Approximately 10% (6.1 million) of women in the U.S. have difficulty getting pregnant or staying pregnant according to the CDC . Beyond clinical infertility we’re also told that about 15-20% of known pregnancies end in miscarriage. It seems inevitable that a married couple will experience some heartache when it comes to childbearing which makes the church’s (relative) silence on the matter even more puzzling [as a pastor, a self-indictment].

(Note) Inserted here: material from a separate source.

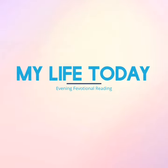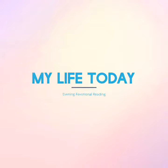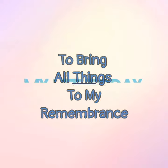Good evening. My Life Today for February 10th. The reading is entitled, To Bring All Things to My Remembrance.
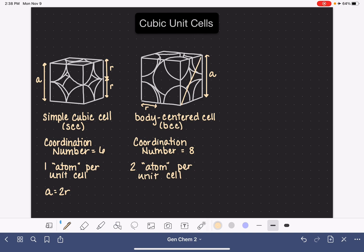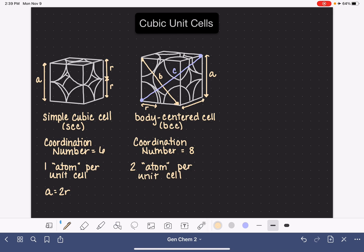We have a few more lengths to define. Going directly across the face diagonally on any one side of the cube — I'll draw it right here — this distance is traditionally referred to as b. We also have one more distance to define for this unit cell: the distance from the nucleus in the lower front left corner to the nucleus in the upper back right corner. This is basically the largest diagonal through the cube, and this distance is traditionally assigned the letter c. So we have edge length a, face diagonal b, and space diagonal c.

The sorrow that accompanies infertility has been described somewhere as “that strange grief which has no focus for its tears and no object for its love.” For the Christian this strange grief carries additional frustration and confusion due to Scripture’s praise of child rearing in marriage. Thus, the couple dealing with infertility (and particularly the woman) is left to wrestle with the notion that God is withholding a blessing (Psa 127) they have been commanded to pursue (Gen 1:28).
Many others have reflected and counseled on infertility far better than I could hope to do so for the sake of sensitivity & encouragement I’ll limit my thoughts to a few key affirmations:
1) Infertility is cause for grief and mourning. Children are a divine blessing we hope to receive (Psa 127:3) but hope deferred makes the heart sick (Prov 13:12).
2) Infertility is not God’s punishment on you–that punishment was already placed on Christ. Those who have been ransomed from sin have no debt left to pay, no account to settle (Col 2:13-14). Infertility is painful but it’s not punishment (Rom 8:28ff).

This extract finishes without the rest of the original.